On the issue of conflicts of interests, Professor Ziadé urged arbitration institutions not to shy away from issuing internal codes of conduct applicable to their staff and procedures, and external codes applicable to the arbitrators and counsel who act in the cases they administer. If arbitration institutions are to take on additional responsibilities in the selection of arbitrators to counter the perceived lack of independence and impartiality of party-appointed arbitrators, then it was important, Professor Ziadé maintained, that they undertake the reforms necessary to ensure the transparency of their procedures.
To summarize, Professor Ziadé said that the establishment of a permanent investment court, which would be a true leap in the dark, was not the way to remedy the imperfections of investment arbitration. The choice, he said, was not between unconstrained, self-regulating investment arbitration exposed to the vagaries of arbitration practitioners, and a permanent investment court with ill-defined boundaries and a hastily adopted statute.
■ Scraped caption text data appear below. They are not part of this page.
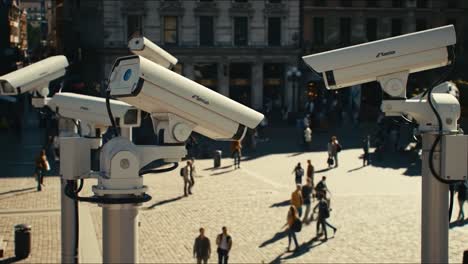 surveillance cameras overlooking crowded urban square: a look at public safety technology in action as pedestrians navigate the busy streets below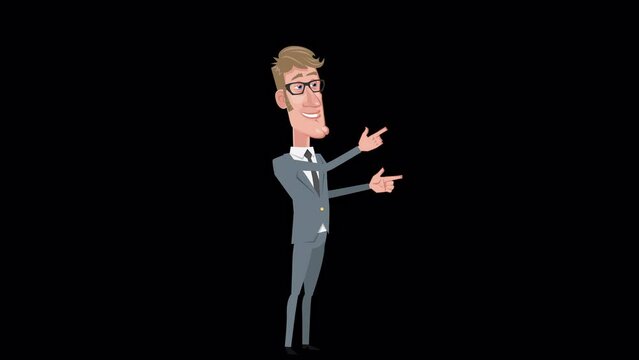 Cartoon elegant businessman character pointing fingers gesture animation with alpha channel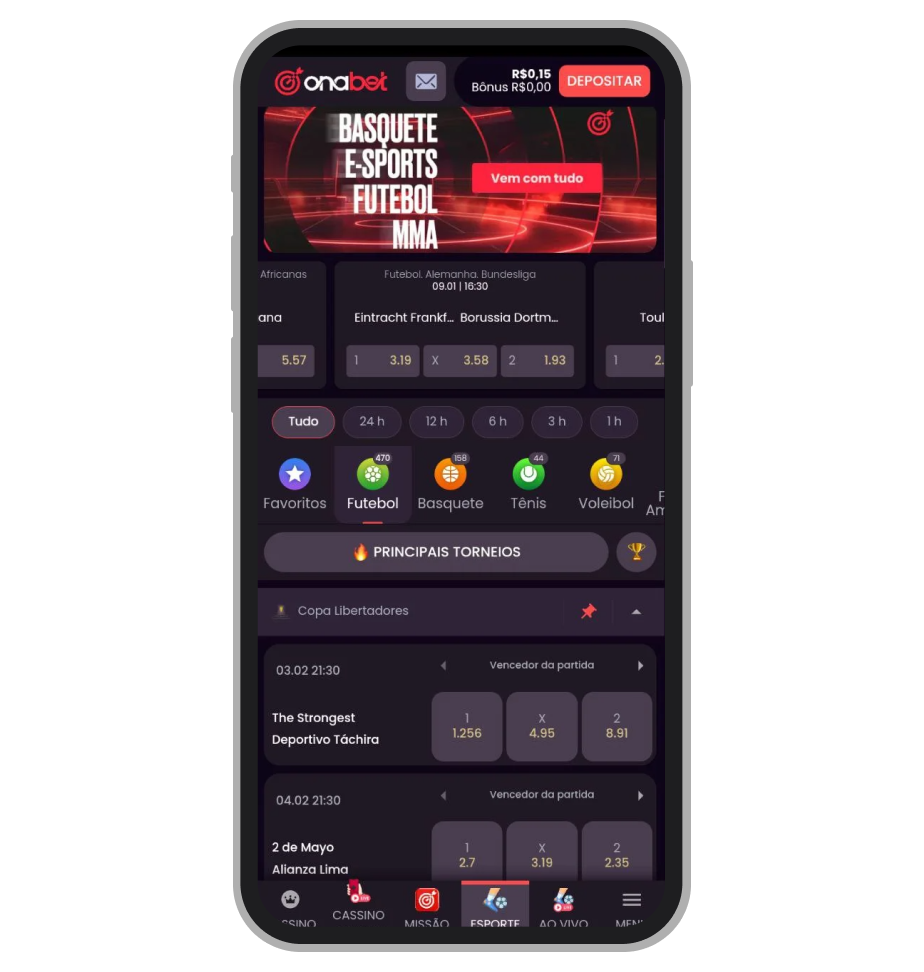 Bloco “Principais torneios”, funcionando como vitrine para eventos em destaque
Rather, the way forward was carefully to circumscribe investment arbitration and prevent specialized arbitration institutions from delegating their regulatory role to arbitration practitioners. Professor Ziadé pleaded for investment arbitration thus reformed to be given a chance to prove itself.
Professor Ziadé expressed the consternation he felt upon hearing some organizations and individuals claiming to represent the views of developing countries when advocating the creation of a permanent investment court. He insisted that developing countries had diverse views and that no one had a monopoly on representing those views. While the idea of creating a permanent investment court might initially appear attractive to developing countries, it was Professor Ziadé's view that, in the long term, the creation of such a court would prove not to be in the best interests of developing countries.
In conclusion, Professor Ziadé compared the predicament of the existing investment arbitration system to that of a seriously ill patient. While we may wish to consider changing the provider of care or the treatment protocol, our goal, he said, should be aggressively to address the symptoms without killing the patient or sacrificing quality of life. It was Professor Ziadé's view that there were still many remedies that had not yet been administered and that had every chance of being successful, avoiding the need to administer a potentially lethal dose of medication.